(Web page caption snippets)

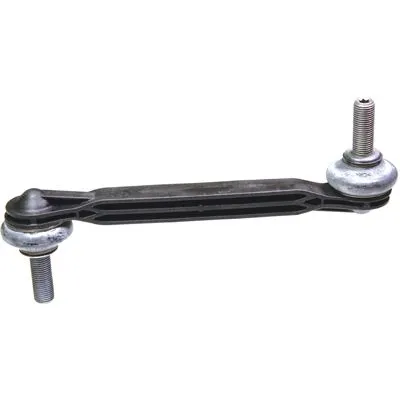BIELLETTA BARRA STAB. POST. per FIAT 500X e JEEP C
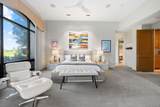 45699 Via Villaggio - Photo 19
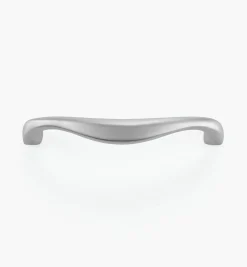Clearance Arched Cast Brass Handles Handles
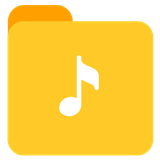 com.in.musicringtone.player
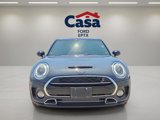 Used 2019 MINI Cooper Clubman S w/ Premium Package image 2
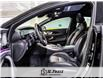 2021 Mercedes-Benz AMG GT 53 Base (Stk: 34016A) in Woodbridge - Image 8 of 33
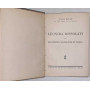 Leonida Bissolati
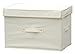 t@ubN{bNX t^t D255mm W385mmH^Cv i`zCg FBH-H3825NW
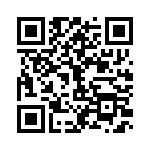 PT06E16-26SW QRCode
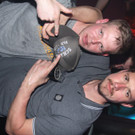 IMG_2320_JPG-1523067129.jpg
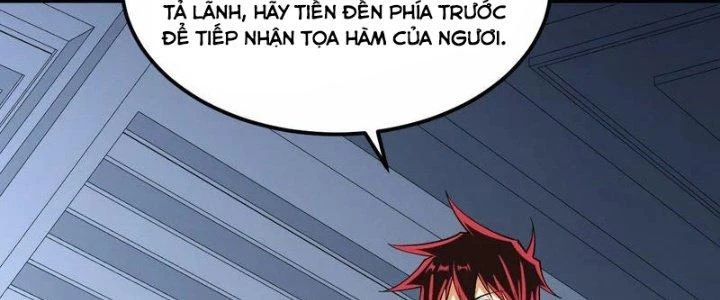 Chiến Hạm Của Ta Có Thể Thăng Cấp Chapter 35 - 18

→ **Required action**: The records above are to be restated exactly, with all pictures omitted.

→ **Task output**:
BIELLETTA BARRA STAB. POST. per FIAT 500X e JEEP C
 45699 Via Villaggio - Photo 19
Clearance Arched Cast Brass Handles Handles
 com.in.musicringtone.player
 Used 2019 MINI Cooper Clubman S w/ Premium Package image 2
 2021 Mercedes-Benz AMG GT 53 Base (Stk: 34016A) in Woodbridge - Image 8 of 33
 Leonida Bissolati
 t@ubN{bNX t^t D255mm W385mmH^Cv i`zCg FBH-H3825NW
 PT06E16-26SW QRCode
 IMG_2320_JPG-1523067129.jpg
 Chiến Hạm Của Ta Có Thể Thăng Cấp Chapter 35 - 18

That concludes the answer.